Quote from: commodorejohn;715908
See, frankly, I just don't accept this classist bullcrap. A lot of people in the tech world like to think of themselves as some sort of higher order apart from the Masses, as if the ability to think and work in a creative capacity is a difference in kind between themselves and the "Joe Sixpack" cattle. It's not. It's a fundamental human capacity, and the only reason it's languishing in a lot of the masses is because it hasn't been given any encouragement to grow, thanks to an increasingly consumption-oriented economy that only needs creators as a source for content (and they replace creative individuals with formula processes at every opportunity, because formula processes are much more predictable and they've been steadily training the masses not to know the difference, anyway.)

The idea that "Joe Sixpack" is fundamentally lacking in a capacity that the creative elite possess, and therefore he can't make use of complex creative facilities, shouldn't be encouraged to try or given the tools to do so because his simple peasant brain wouldn't understand them, and wouldn't be happy doing any of that anyway, is false. Completely false. It is a lie; it started as a lie that creative people told themselves to make themselves feel special, and it's a lie that's been increasingly propagated by companies and organizations that like to use it as a rationalization for stifling the nascent creative urges of the masses to make them into good little consumers.

Is it harder and riskier to make good movies than crap movies? Well, train moviegoers to not expect good movies, and that's not a problem anymore! Want to cripple a computer into a glorified content-consumption device? Just tell people that that's all they ever wanted anyway, over and over, until they start believing it! And all the tech journalists and all the futurist writers will gladly help you spread this lie, because it feeds their ego.

But you know what? Repetition can make a lie seem true; it can never make it true. People still have the capability to be more than passive consumers, even if it's never been given any nurture; they still have creative urges, even if they're deeply sublimated. All the mantra repetition of "ordinary users don't want or need this" in the world will not change that.
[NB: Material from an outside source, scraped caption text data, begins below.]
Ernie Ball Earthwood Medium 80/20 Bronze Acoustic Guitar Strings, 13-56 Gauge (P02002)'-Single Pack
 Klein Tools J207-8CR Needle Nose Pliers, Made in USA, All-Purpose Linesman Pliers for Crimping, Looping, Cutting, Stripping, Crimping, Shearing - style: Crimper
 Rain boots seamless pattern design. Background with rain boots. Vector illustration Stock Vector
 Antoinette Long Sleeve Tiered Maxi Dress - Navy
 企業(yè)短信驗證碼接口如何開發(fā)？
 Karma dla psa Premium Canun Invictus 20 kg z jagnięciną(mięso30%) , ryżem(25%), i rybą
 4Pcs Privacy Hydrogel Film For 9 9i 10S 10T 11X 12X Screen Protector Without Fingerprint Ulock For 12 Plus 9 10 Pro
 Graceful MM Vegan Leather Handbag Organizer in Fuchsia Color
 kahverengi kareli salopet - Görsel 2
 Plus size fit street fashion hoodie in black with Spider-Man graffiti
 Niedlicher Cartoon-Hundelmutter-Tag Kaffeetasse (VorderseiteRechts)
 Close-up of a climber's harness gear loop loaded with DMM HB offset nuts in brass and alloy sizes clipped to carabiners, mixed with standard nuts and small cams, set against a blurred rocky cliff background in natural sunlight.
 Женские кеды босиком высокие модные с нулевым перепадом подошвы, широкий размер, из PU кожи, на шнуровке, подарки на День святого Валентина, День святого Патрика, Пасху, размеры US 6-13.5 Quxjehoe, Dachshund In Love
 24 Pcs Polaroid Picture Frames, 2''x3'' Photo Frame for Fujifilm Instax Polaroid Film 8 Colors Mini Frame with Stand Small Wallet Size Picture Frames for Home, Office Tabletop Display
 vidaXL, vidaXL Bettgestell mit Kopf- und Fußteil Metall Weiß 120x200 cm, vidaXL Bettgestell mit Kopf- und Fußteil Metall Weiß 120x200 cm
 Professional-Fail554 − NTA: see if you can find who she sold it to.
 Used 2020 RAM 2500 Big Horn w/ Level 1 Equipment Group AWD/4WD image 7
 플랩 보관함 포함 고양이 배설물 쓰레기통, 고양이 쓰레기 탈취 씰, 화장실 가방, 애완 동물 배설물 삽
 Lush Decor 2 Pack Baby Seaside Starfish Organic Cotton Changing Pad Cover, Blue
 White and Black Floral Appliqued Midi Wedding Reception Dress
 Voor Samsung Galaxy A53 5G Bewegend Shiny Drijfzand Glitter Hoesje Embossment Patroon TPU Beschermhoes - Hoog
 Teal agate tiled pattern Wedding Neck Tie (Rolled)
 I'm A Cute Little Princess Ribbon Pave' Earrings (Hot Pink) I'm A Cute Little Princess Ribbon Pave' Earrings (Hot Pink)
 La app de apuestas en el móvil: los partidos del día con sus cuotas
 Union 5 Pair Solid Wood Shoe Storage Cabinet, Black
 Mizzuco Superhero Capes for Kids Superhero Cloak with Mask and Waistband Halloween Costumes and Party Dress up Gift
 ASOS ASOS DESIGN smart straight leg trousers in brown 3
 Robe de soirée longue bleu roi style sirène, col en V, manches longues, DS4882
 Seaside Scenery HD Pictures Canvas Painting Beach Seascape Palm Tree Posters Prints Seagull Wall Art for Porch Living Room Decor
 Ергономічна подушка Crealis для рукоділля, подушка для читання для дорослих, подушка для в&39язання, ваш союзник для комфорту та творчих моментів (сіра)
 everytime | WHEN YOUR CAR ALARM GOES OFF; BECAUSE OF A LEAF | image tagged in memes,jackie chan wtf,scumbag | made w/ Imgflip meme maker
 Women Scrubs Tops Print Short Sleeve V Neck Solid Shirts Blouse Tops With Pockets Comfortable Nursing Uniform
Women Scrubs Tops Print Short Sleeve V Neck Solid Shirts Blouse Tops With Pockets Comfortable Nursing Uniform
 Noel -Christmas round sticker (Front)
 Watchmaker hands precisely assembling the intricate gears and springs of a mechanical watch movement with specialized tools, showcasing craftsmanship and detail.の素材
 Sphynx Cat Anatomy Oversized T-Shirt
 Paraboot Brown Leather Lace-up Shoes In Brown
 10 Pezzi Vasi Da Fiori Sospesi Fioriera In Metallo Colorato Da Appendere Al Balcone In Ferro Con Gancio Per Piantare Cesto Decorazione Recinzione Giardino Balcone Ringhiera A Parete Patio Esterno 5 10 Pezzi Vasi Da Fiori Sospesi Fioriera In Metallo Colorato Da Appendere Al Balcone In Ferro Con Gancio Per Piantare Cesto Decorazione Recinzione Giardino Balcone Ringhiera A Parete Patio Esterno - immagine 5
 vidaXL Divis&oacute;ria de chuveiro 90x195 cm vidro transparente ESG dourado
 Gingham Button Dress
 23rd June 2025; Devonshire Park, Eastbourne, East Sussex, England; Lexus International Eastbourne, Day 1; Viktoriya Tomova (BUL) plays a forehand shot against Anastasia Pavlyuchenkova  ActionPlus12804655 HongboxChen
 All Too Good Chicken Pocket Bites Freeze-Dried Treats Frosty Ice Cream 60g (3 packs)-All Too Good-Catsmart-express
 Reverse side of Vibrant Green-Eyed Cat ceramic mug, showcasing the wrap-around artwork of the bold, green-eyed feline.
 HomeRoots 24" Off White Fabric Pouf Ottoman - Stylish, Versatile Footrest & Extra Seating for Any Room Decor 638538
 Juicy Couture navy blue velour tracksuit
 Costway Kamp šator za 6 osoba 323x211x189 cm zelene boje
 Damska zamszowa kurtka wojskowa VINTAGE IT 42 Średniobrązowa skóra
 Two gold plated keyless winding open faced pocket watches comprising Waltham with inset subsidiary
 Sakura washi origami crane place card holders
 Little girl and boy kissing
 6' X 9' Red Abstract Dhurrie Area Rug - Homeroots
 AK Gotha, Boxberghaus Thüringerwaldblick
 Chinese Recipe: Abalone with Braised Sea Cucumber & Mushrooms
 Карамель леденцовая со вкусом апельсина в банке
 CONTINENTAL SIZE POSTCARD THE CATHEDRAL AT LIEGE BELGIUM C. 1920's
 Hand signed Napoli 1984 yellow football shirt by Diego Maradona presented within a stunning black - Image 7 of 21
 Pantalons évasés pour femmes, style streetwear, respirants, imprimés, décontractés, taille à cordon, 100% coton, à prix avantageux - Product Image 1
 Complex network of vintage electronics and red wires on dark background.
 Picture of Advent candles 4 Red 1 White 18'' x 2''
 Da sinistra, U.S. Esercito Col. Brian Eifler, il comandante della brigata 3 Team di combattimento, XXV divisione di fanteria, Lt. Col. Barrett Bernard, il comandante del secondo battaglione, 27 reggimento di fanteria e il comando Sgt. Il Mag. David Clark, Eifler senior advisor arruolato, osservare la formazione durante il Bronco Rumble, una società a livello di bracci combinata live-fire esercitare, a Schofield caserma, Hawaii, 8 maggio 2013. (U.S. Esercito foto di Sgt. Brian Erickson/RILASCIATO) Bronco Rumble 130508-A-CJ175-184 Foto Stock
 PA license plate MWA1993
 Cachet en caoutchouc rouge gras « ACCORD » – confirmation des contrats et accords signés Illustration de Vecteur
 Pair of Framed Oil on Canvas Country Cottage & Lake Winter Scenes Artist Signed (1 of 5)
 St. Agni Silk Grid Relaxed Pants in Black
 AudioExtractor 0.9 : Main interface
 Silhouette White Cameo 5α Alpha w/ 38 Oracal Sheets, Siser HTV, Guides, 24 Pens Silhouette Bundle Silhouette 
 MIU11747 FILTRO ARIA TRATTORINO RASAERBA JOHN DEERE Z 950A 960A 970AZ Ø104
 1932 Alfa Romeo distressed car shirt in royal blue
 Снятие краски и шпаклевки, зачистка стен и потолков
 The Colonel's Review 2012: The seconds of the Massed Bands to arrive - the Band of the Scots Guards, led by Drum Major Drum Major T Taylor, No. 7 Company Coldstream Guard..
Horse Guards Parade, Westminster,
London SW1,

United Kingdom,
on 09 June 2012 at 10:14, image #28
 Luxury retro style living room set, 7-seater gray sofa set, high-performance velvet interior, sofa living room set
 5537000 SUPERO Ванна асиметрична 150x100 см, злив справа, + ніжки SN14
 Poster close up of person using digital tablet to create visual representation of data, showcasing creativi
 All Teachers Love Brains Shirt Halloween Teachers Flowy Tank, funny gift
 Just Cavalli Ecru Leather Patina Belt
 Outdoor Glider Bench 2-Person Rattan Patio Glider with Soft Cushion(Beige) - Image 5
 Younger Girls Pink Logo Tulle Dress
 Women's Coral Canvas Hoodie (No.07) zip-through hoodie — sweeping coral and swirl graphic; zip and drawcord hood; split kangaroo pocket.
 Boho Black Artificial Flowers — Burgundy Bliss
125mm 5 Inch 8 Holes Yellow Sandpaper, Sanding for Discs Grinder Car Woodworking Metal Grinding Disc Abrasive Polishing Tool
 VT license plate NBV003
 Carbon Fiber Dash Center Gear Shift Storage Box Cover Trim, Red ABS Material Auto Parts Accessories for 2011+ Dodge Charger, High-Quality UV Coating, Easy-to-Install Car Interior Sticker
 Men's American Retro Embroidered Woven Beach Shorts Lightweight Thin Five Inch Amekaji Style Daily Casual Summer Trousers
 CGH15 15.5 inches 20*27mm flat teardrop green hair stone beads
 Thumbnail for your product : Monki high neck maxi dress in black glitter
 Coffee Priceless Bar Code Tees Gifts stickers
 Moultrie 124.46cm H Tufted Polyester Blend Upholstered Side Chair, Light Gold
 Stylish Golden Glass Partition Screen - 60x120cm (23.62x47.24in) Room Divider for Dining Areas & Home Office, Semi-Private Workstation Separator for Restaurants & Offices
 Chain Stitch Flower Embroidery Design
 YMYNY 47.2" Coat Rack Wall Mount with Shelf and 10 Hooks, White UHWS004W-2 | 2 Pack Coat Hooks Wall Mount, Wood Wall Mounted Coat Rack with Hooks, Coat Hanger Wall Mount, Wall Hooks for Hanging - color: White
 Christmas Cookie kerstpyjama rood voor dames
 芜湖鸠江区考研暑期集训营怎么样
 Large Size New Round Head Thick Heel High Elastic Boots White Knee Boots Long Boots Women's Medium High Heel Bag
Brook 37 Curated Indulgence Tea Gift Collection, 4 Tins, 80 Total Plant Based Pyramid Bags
The question isn't whether these people can be more than the lowest common denominator; the question is whether anybody will come along and help them wake up from dead-eyed consumer slumber.


I think people would say the market decides these things.  Take the classist line out, and what you get is that sales of tablets and smartphones are spiking while desktops are flatlining or declining somewhat.  Its not just opinion its fact.

What it sounds like you are saying is that there is some sort of conspiracy to dumb down the creative people with modern software and tablets.  I disagree.  I think it comes down to simple marketing and focus groups and what is actually selling on the ground.  If I didn't like graphically intense games and didn't code for a living, a smartphone is all I really need for modern internet usage.  This doesn't discount or render invalid my ability to enjoy amigas or the linux command line.  Heck, with my droid I can even write apps using this:

http://androidandme.com/2012/03/applications/mit-launches-android-app-inventor-to-all-with-a-google-account/

Its awesome, and visual, and accessible.  In fact, I believe the bar for accessibility to be creative is far lower than it ever has been.  I love hand coding python with vim and running my progs from the command line, but I also love having IDEs that makes sharing and collaboration so easy, as well as on the fly compiling and error checking.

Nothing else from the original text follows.